Boot drive mirror satadom

    • OMV 4.x
    • Why x86? Is OMV only x86 right now?

      I like ZFS, but also like BTRFS. Also like how BTRFS is built in and maintained.
      Where as ZFS requires changing kernel and plugin and other maintenance factors.
      I'm also a bit worried about upgradeability when using ZFS especially as plugins.
      Feel like the direction and support is heading towards better BTRFS (which I used in synology and currently use in unRAID) so I'd rather not have to copy all my data off and rebuild again in 2/3 years.
    • savellm wrote:

      Why x86? Is OMV only x86 right now?
      No, but on x86 you pull in the Proxmox kernel (+ ZFS plugin) and are done. On the various ARM boards I created OMV images for it always depends on which kernel you use, whether you're able to build ZFS via dkms and how stable kernel support is there in general. That's why I use btrfs on ARM but ZFS on x86 (disclaimer: I don't use OMV on x86 anyway).

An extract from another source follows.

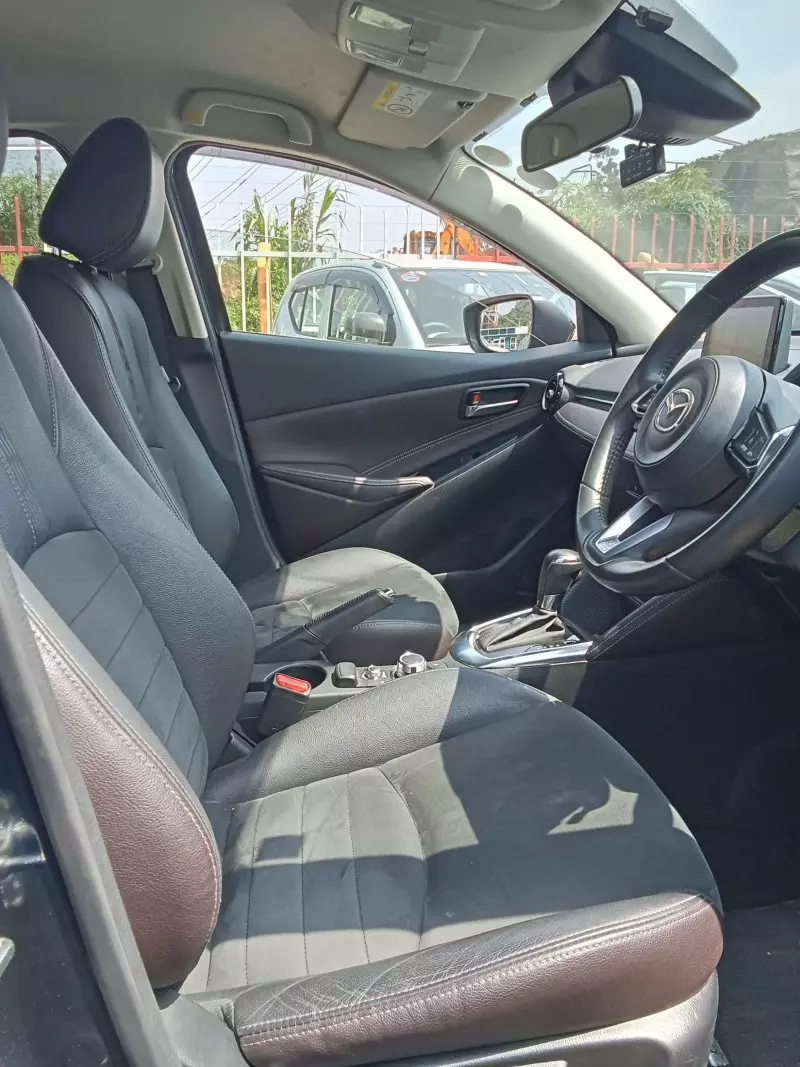 Mazda Demio   - 2018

      Your 80TB are a massive amount of data. If it's only data without any value I would be fine with this but if these 80TB are important this sounds like a nightmare (time to backup, rebuild/resilver and to restore -- without a second host where data is synced to I would never set up a filer with 80TB. Disclaimer: I'm biased due to doing storage for a living).
    • savellm wrote:

      in the sense that when OMV goes to v5, I dont need to worry about my data in doing a fresh install.
      OMV5 will support ZFS, just as OMV4 does now. It's OMV6 where the BTRFS proposal may take effect.

      Looking at this from a support angle, you wouldn't have to worry about your data. Even if the "BTRFS Only" proposal is implemented in OMV6, it's still unlikely that ZFS support would simply be shut off. It's very possible that ZFS support would continue with a plugin, just as it is now. And the plugin approach for providing ZFS, in OMV, is the outcrop of an incompatible license. It's a legal issue.

      savellm wrote:

      so I'd rather not have to copy all my data off and rebuild again in 2/3 years.
      In recent versions, OMV releases have been roughly following Debian releases. Debian 9 is the base distro for OMV4 which is "estimated" for EOL on Jan, 2020, with LTS running until 2022. That's 2+ years for the current version, if you wanted to stretch it.
      If Debian 10 goes mainstream next year and OMV5 kicks off with it, Debian 10 should run 3 to 4 years. With a rough estimate for EOL, OMV5 may run until 2023 with an extra 2 years for the underlying Debain OS or 2025. With 2023 to 2025 as the timeline, if you decided to use ZFS today, it will be viable for years to come.